The bench said that the only evidence against Hameed Bugti was the statement of an eyewitness (traffic policeman) as he had identified the appellant sitting in a car near the crime scene before the bomb exploded. “In the absence of any other significant corroborative evidence, we do not consider that it is safe to convict the appellant of the charge based on this evidence alone and thus by extending the benefit of the doubt to the appellant, we whereby acquit him from the charge as there seem to be doubts about his involvement in the car bombing outside PIDC House,” it said.

The judgement further said that one of the convicted brothers had named Hameed Bugti in his confessional statement, but the same could not be used against the co-accused as evidence without strong unimpeachable corroborative evidence, adding that the magistrate who recorded the confessions of the brothers also did not appear before the ATC to record his evidence during the trial of the appellant in question and thus the appellant did not get the opportunity to cross-examine him.

Earlier, representing the appellants Advocate Shaikh Jawaid Mir argued that the confessions of the two appellants and the identification parades had no legal weight since there were irregularities and the same were not done in accordance with the law.

Additional prosecutor general Saleem Akhtar Buriro supported the judgements of the trial court and argued that the confessions were made voluntarily and eyewitnesses had identified the appellants and deposed against them before the magistrate as well as the trial court.
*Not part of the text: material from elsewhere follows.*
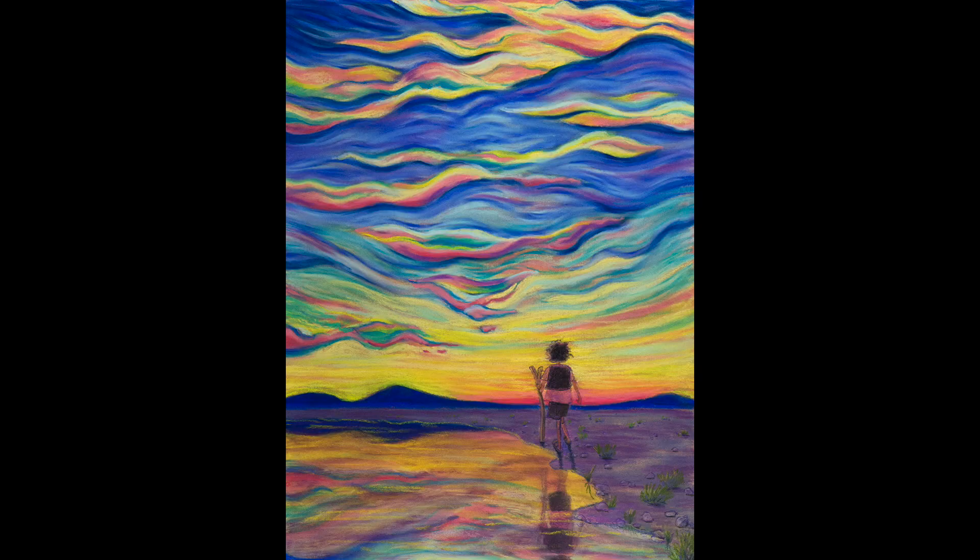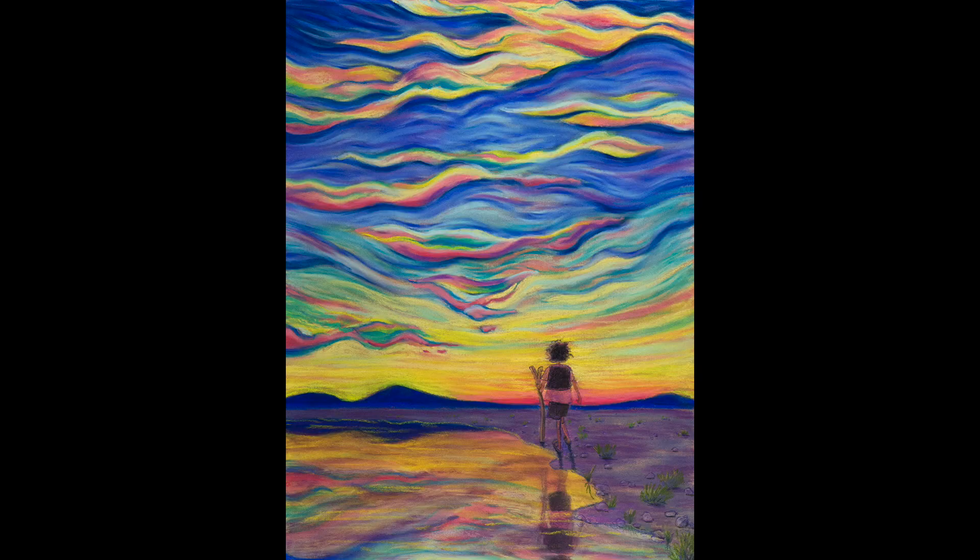So that's all my pastel tips for now. I've enjoyed sharing those with you and I really hope they help you as much as they've helped me. Don't forget to subscribe if you'd like to see more videos like this, and stop by and check out my webpage, my Facebook page, or my Instagram account if you'd like to learn more about me, my art, and my children's book illustrations.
According to the prosecution, on Nov 15, 2005 a powerful blast ripped through the ground floor of the PIDC House, a multi-storied building also housing the offices of the Pakistan Petroleum Limited, that left four private security guards dead and 21 others wounded. Initially, the two brothers were arrested in Gulshan-i-Iqbal on a tip-off and they confessed to having carried out the bomb blast on the instruction of the late Nawab Akbar Khan Bugti to ‘punish’ the PPL for “not recruiting the local youth of Balochistan,” it said. The grandson of the late Akbar Bugti, Brahamdagh, and a nephew of the slain Baloch leader Abdul Majeed Bugti and others were declared proclaimed offenders in the case.

Dr Aafia Siddiqui case

The Sindh High Court has issued notices to the federal authorities on a petition seeking directives to make efforts for the release of Dr Aafia Siddiqui and other prisoners confined to overseas prisons.
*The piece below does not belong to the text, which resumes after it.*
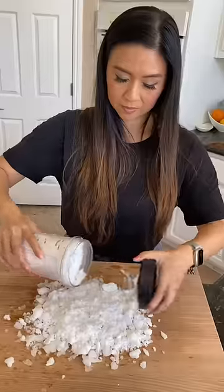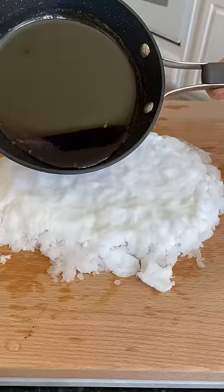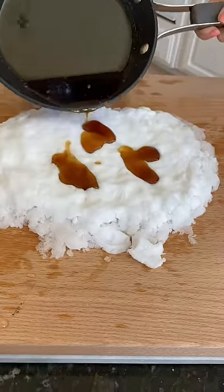Visiting Quebec and touring sugar shacks was such a memorable trip. I got to really see how maple syrup is tapped from trees, indulge in a traditional sugar shack feast, and for a treat we made frozen maple syrup.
The two-judge bench headed by Justice Mohammad Ali Mazhar issued notices to the secretaries of foreign affairs, interior and human rights as well as the deputy attorney general to file comments by April 16.

Fauzia Siddiqui, a sister of the detainee, through her lawyer Irfan Aziz moved the SHC and submitted that Dr Aafia was currently confined to Carswell Prison Texas, USA.

The counsel argued that according to the international media, there were reports of an outbreak of the coronavirus pandemic in the American prisons and the petitioner sent a letter to the secretary of foreign affairs in which she complained that she had had no telephone contact with her detained sister for the last three years.

Referring to the Carswell Prison manual, the petitioner further submitted that prisoners were allowed 300 minutes in phone and video calls and four hours visits per week, but Dr Aafia had been denied all those rights.

The lawyer further contended that due to the pandemic, various prisoners of different countries had been released by the US government, and thereafter notices may be issued to the federal authorities concerned (respondents) to come up with a reply that what efforts had been made by them to get the Pakistani prisoners released from the prisons of other countries.

He further sought directive for the respondents to make arrangements for telephonic contact of Dr Aafia with her family members and to call a report about her health from the US consulate.

Dr Aafia was convicted by a US court in 2010 on multiple charges.